Quite a simple question but I'm having issues -
I have the speed of an object (say 5m/s) and the time it takes the object to come to a complete stop (say 2s). I want the object to stop exactly on a given position (T). At what distance from T will I need to start decelerating?
The object has no friction.
On
Assuming a constant deceleration $ a $, and given the time it takes to fully stop; $ \Delta t =2 s$ and initial velocity $ v_{o} = 2m/s $ we can integrate the acceleration with respect to time once to find that the velocity at time $t$ is $v=at + v_{o}$ or in our specific case $v(t)=at+2$.
Since we know that after $\Delta t = 2s$ we come to a complete stop then we can use the above equation to find that: $ 0=a\cdot2s + 2 $ or equivalently $ 0 = a\cdot \Delta t + v_{0} $ (since the final velocity is zero) which gives the expression for the acceleration (or in this case deceleration): $ a = -\frac{v_{o}}{\Delta t} $ and for the specific case $ a=-1m/s^{2} $.
Now we integrate the velocity with respect to time to find the distance at a given time: $ s(t)=\frac{1}{2}at^{2} + v_{o}t + s_{o} $.
We set the initial position ($ s_{o} $) equal to zero such that: $ s(t)=\frac{1}{2}at^{2} + v_{o}t $, or in this specific case; $ s(t)=-(1)\frac{1}{2}t^{2} + 2t $.
Now all that is needed is to insert the time it takes to stop ($\Delta t$) into the above equation and we have the distance the object (the car) takes to fully stop: $ T=s(\Delta t)=\frac{1}{2}(-\frac{v_{o}}{\Delta t})\Delta t^{2} + v_{o}\Delta t $.

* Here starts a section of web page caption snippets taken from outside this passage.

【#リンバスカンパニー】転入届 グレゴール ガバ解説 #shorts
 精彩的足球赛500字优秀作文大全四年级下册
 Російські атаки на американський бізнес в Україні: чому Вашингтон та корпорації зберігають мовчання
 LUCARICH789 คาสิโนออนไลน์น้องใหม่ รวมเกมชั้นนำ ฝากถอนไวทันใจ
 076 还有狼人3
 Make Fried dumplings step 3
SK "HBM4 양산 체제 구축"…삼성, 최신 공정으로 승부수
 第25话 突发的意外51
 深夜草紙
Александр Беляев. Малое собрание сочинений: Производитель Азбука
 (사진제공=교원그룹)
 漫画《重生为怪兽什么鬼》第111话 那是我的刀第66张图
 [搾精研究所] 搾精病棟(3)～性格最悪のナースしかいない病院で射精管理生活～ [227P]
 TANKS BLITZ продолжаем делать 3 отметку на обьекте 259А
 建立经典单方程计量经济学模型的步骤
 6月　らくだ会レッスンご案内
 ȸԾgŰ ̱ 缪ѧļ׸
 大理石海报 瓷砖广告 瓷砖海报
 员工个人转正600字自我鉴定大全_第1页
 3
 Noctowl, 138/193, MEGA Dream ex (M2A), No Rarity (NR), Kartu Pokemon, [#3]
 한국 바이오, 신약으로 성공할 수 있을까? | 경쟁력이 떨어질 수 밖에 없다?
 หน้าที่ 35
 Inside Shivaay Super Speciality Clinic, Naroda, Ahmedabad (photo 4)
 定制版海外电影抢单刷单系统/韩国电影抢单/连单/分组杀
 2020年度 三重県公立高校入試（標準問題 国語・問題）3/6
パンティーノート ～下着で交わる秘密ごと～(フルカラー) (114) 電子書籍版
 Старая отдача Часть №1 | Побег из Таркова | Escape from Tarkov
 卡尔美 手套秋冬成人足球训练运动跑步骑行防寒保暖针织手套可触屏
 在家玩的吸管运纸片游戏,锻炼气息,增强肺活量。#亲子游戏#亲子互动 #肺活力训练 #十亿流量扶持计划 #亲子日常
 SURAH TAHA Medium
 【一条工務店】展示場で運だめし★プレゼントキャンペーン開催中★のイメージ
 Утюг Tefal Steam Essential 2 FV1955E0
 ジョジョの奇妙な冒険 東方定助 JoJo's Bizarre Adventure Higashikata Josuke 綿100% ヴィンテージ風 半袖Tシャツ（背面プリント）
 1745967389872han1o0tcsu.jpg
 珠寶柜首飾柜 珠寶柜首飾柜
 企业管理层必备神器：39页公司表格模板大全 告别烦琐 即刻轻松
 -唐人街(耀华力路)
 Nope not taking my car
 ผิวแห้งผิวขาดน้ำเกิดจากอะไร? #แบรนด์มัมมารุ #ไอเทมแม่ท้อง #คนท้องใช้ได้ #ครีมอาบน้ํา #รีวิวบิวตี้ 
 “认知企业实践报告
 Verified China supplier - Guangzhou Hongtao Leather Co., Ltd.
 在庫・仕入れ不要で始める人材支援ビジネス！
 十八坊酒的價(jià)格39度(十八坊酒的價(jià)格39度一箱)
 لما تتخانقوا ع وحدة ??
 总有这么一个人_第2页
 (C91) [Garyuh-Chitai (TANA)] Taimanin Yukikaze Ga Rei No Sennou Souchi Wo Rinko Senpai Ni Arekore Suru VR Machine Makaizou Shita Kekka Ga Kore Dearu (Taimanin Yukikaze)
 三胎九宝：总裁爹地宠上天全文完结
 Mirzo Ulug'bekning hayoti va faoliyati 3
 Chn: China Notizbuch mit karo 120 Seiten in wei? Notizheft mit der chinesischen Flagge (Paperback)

Inserting the values for the special case we get that: $ T=\frac{1}{2}(-1m/s^2)(2s)^{2} + (2m/s)(2s)=1m $
We can simplify the general expression above a bit and get that: $ T= \frac{1}{2}v_{o}\Delta t $.
I hope this helps.
The distance is the time multiplied by the average speed,
$$2\frac{5+0}2=5\text{m}.$$
(We assume uniform acceleration, so that the average speed is the mean of the initial and final speed.)